Evaluating the nature and extent of changes to climate sensitivity
between FGOALS-g2 and FGOALS-g3
Abstract
Equilibrium climate sensitivity (ECS) and its related feedbacks are
important metrics used to measure the global mean surface temperature
change in future climate projections. This paper uses the radiative
kernel approach and a simplified cloud feedback calculation (comparing
three different cloud feedback methods) to analyze the differences in
the ECS, as well as the feedbacks contributing to it, between two
versions of the Flexible Global Ocean-Atmosphere-Land System model
(i.e., FGOALS-g2 and FGOALS-g3). The results show that the ECS of
FGOALS-g3 is smaller than that of FGOALS-g2 (2.8 K versus 3.3 K).

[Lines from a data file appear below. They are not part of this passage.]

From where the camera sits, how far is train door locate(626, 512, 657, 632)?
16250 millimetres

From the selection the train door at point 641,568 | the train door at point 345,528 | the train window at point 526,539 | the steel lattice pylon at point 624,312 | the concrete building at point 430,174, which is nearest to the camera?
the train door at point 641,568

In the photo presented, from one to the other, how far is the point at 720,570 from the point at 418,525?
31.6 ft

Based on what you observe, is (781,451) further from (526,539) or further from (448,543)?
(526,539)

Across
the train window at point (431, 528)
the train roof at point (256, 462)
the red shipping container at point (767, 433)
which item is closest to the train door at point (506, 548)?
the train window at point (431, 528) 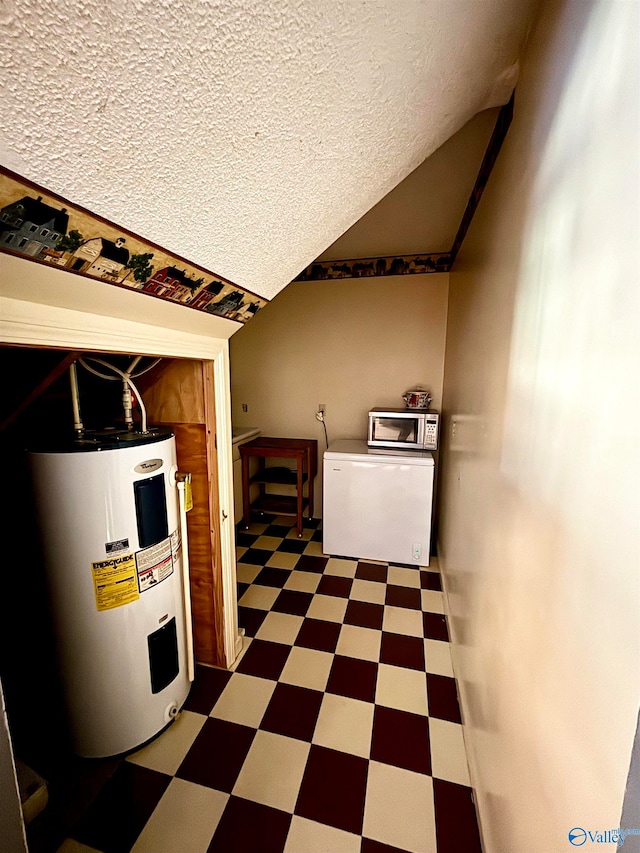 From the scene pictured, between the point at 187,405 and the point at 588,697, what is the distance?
4.68ft

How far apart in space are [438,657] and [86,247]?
2083mm

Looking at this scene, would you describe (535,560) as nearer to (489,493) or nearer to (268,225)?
(489,493)

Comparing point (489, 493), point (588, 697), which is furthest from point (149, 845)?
point (489, 493)

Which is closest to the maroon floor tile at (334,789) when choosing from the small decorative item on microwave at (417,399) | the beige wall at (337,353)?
the beige wall at (337,353)

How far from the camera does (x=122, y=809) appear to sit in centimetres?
108

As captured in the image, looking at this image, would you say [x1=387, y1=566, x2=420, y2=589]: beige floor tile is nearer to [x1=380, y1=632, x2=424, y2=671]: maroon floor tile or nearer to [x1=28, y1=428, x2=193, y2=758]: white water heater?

The
main feedbacks contributing to the ECS change in FGOALS-g3 are the
weaker surface albedo feedback and stronger negative shortwave cloud
feedback. The reduced surface albedo feedback in FGOALS-g3 is associated
mainly with its mean base state, which has a lower surface air
temperature and larger sea ice area compared with FGOALS-g2. The
enhanced negative shortwave cloud feedback in FGOALS-g3 is caused mainly
by the larger low-cloud area fraction and liquid water path.
Furthermore, the ECS change can be traced back to the different cloud
parameterization scheme, parameter tuning, ocean grid, and external
forcings used in FGOALS-g3, as these all affect the mean climate state
of the model.